3.5 stars. Rating: PG-13, for dramatic intensity, violence and sexual content
By Derrick Bang • Originally published in The Davis Enterprise, 12.26.12
Anne Hathaway’s performance, by
itself, is worth the price of admission.
Her climactic solo on “I Dreamed
a Dream” may be the best musical moment ever captured on film. Nay, one of
cinema’s finest five-minute scenes, period.
Words cannot convey the power of her
performance, which director Tom Hooper wisely, amazingly, captures in a single long take. Hathaway starts out gangbusters, never taking cover in the multiple
edits that have become ubiquitous in too many of today’s lesser musicals, and she
simply gets better, stronger, more poignant and powerful as the tune continues.
This is no standard-issue pause
for song; Hathaway emotes throughout, never losing her character’s
heartbreaking anguish, instead using the lyrics themselves, pouring body and
soul into every syllable, as the scene builds, and builds, and builds, until
achieving a level of intensity that grabs us by the throat. Her work is
positively wrenching.
When she concludes, finally, we
sink back with exhaustion. Truly stunned. Blown away. Aware of having witnessed
a movie moment for the ages.
Wow.
I can’t say that Hooper achieves the
same level of excellence throughout all of this long-awaited, big-screen
adaptation of Les Misérables, but he certainly draws similarly superb
performances from most of his cast. His film is highlighted by numerous
show-stopping songs: some solos, others displaying the exquisite harmonies
woven into Claude-Michel Schönberg’s often complex score.

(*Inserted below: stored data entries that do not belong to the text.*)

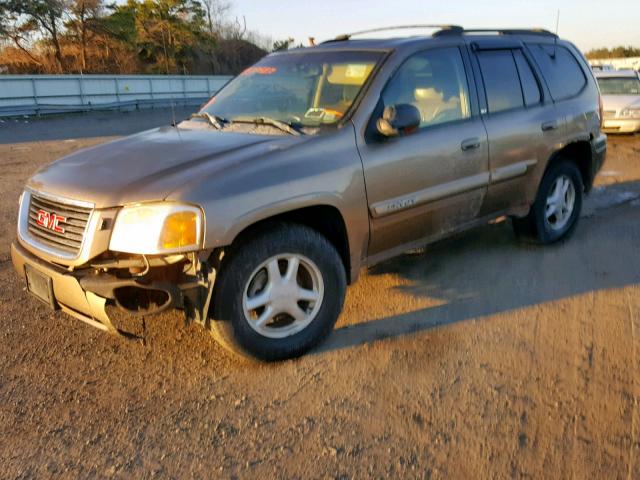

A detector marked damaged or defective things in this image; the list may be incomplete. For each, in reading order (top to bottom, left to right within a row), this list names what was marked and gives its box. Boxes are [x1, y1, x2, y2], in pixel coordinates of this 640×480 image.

cracked headlight [110, 202, 204, 255]
damaged front bumper [11, 240, 216, 338]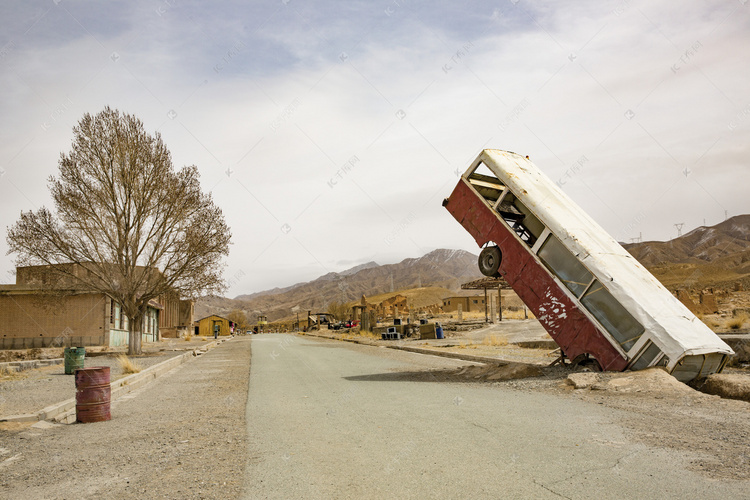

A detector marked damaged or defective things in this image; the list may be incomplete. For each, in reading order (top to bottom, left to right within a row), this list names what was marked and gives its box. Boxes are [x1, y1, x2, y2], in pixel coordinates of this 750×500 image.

broken window [536, 234, 596, 296]
overturned bus [446, 150, 736, 380]
broken window [580, 280, 648, 354]
rusty oil drum [74, 368, 111, 422]
cracked asphalt road [244, 334, 748, 498]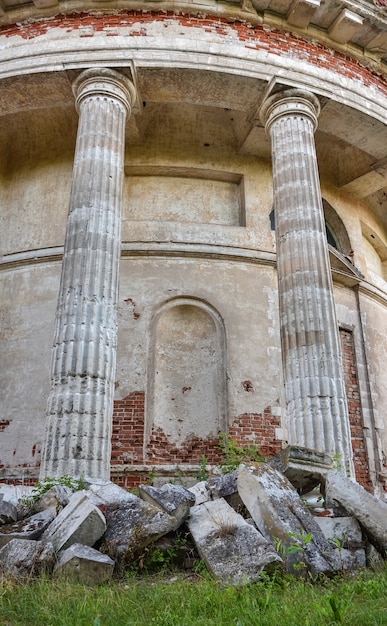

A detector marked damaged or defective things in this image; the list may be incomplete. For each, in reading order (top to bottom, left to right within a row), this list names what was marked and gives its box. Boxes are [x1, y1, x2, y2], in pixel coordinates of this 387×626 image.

broken concrete block [268, 444, 332, 492]
broken concrete block [0, 498, 17, 520]
broken concrete block [0, 532, 55, 576]
broken concrete block [0, 508, 56, 544]
broken concrete block [33, 482, 73, 512]
broken concrete block [41, 490, 106, 548]
broken concrete block [53, 540, 116, 584]
broken concrete block [88, 480, 138, 504]
broken concrete block [101, 492, 178, 560]
broken concrete block [139, 482, 196, 528]
broken concrete block [189, 480, 211, 504]
broken concrete block [188, 494, 282, 584]
broken concrete block [238, 460, 342, 572]
broken concrete block [316, 516, 366, 568]
broken concrete block [326, 470, 387, 552]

Hugh Jackman is well cast as the
stalwart Jean Valjean, the tragic hero whose destiny changes first with an act
of kindness by a clergyman, and then again after accepting responsibility for
an orphaned little girl. Hathaway is sublime as the doomed Fantine; Sacha Baron
Cohen and Helena Bonham Carter provide ample comic relief as the greedy,
grasping Thénardier and his wife.
Their production number, “Master
of the House,” is another marvelous set-piece, this one an imaginatively
choreographed display of larcenous behavior that evokes fond memories of
Fagin’s “You’ve Got to Pick a Pocket or Two,” in 1968’s Oliver!